In summary, for purposes of the Plan:
• "Involuntary Termination" means the termination of the employment of a participant by the Company without Cause or by the participant for Good Reason;
• "Cause" means (i) any act of personal dishonesty taken by the participant in connection with his or her responsibilities as an employee which is intended to result in substantial personal enrichment of the participant; (ii) the participant's conviction of a felony that the Board reasonably believes has had or will have a material detrimental effect on the Company's reputation or business; (iii) a willful act by the participant that constitutes misconduct and is materially injurious to the Company; or (iv) continued willful violations by the participant of the participant's obligations to the Company after there has been delivered to the participant a written demand for performance from the Company that describes the basis for the Company's belief that the participant has not substantially performed his or her duties;
• "Good Reason" means (i) without the participant's express written consent, a material reduction or alteration of the participant's duties, position or responsibilities relative to the participant's duties, position or responsibilities in effect immediately prior to such reduction or alteration, or the removal of the participant from such position, duties or responsibilities;
(ii) without the participant's express written consent, a material reduction by the Company of the participant's base salary as in effect immediately prior to such reduction; (iii) without the participant's express written consent, the relocation of the participant's principal place of employment with the Company by more than 50 miles; or (iv) a material breach of the Plan, including, but not limited to the failure of the Company to obtain the assumption of the Plan by any successor; and
• "Change in Control" means (i) certain changes during any 24-month period in individuals constituting a majority of the Board; (ii) certain acquisitions of securities of the Company representing 30% or more of the combined voting power of the Company's then outstanding securities eligible to vote for the election of the Board, other than by the Company or any subsidiary, any employee benefit plan sponsored or maintained by the Company or any subsidiary, any underwriter temporarily holding securities pursuant to an offering of such securities, or any person whose acquisition of such securities is less than 50% and is approved in advance by a majority of the incumbent Board; (iii) the consummation of certain mergers, consolidations, statutory share exchanges, or similar forms of corporate transactions involving the Company or any of its subsidiaries that require the approval of the Company's stockholders, whether for such transaction or the issuance of securities in the transaction; or (iv) approval by the Company's stockholders of a plan of complete liquidation or dissolution of the Company or the sale of all or substantially all of the Company's assets.

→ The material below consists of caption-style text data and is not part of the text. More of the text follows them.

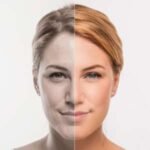 face_treatment_colour_0005_PROFHILO-300x300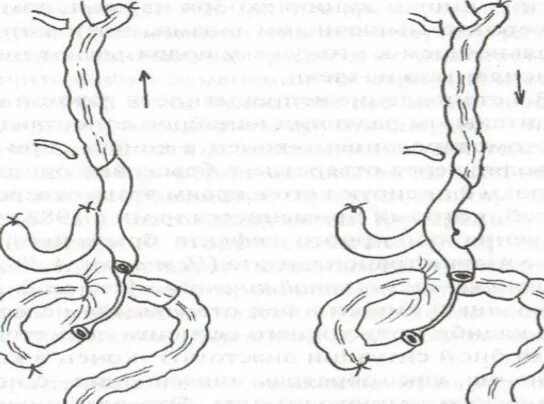 Гастрэктомия анастомоз. Анастомоз по ру при гастрэктомии. Пищеводно-кишечный анастомоз. Обходной анастомоз желудка по ру. Анастомоз пищевода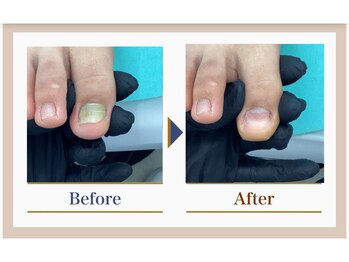 巻き爪補正店 錦糸町店/【変形爪再生補正】
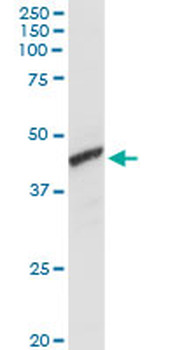 ADH1C MaxPab rabbit polyclonal antibody (D01)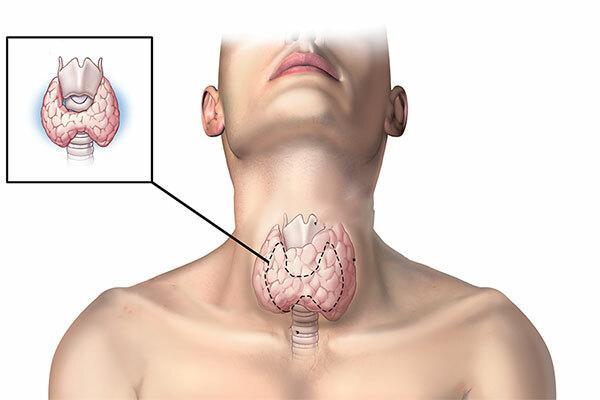 7. Kết luận về u tuyến giáp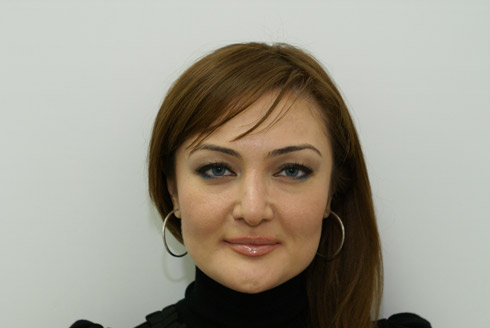 Фото после пластики носа, пластический хирург Салиджанов Анвар Шухратович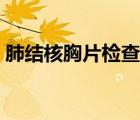 肺結(jié)核胸片檢查是什么（肺結(jié)核胸片的表現(xiàn)）
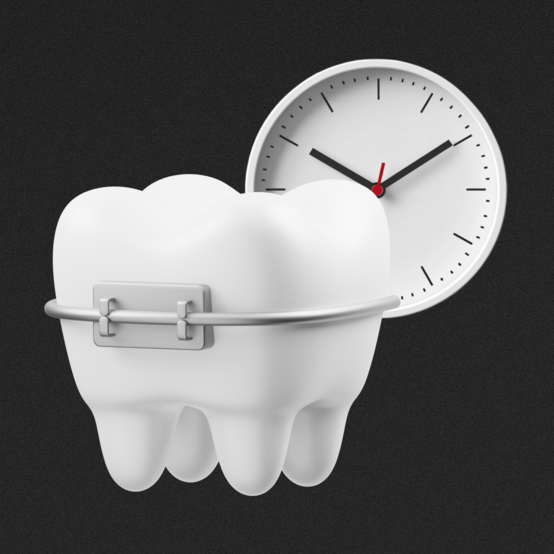 Как привыкнуть к брекетам: сколько длится адаптация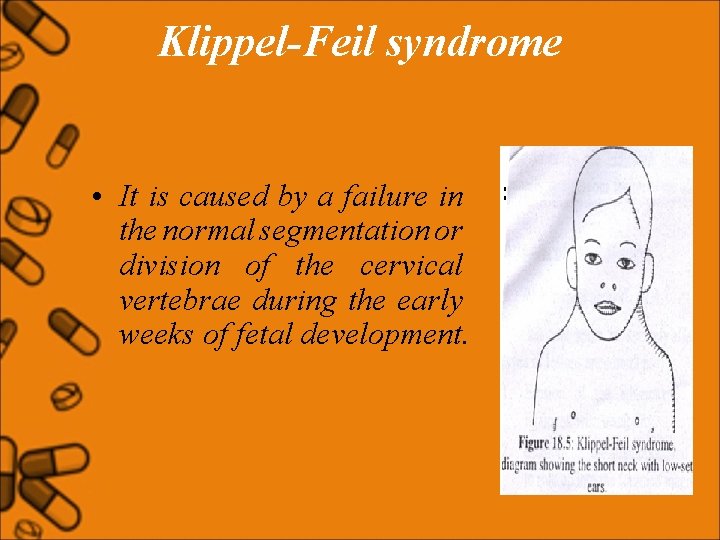 Klippel-Feil syndrome • It is caused by a failure in the normal segmentation or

Notwithstanding the foregoing, a "change in control" shall not be deemed to have occurred if, immediately following the triggering transaction, (A) more than 50% of the total voting power of surviving corporation (or, if applicable, of a parent corporation of the surviving corporation that holds at least 90% of the voting securities of the surviving corporation) is represented by voting securities of the Company that were outstanding immediately prior to the transaction and such securities are held in substantially the same proportion as immediately prior to the transaction, (B) no person becomes the beneficial owner of 30% or more of the total voting power of the outstanding securities eligible to elect directors of the surviving corporation (or its parent corporation, as applicable); and (C) at least a majority of the members of the board of directors of the surviving corporation (or its parent corporation, as applicable) were incumbent members of the Board at the time of the Board's approval of the transaction.

The foregoing description of the terms of the Plan is subject to, and qualified in its entirety by, the Plan, which is attached hereto as Exhibit 10.1 and incorporated herein by reference.



Item 9.01 Financial Statements and Exhibits.

(d) Exhibits.

The list of exhibits called for by this Item is incorporated by reference to the Exhibit Index filed with this report.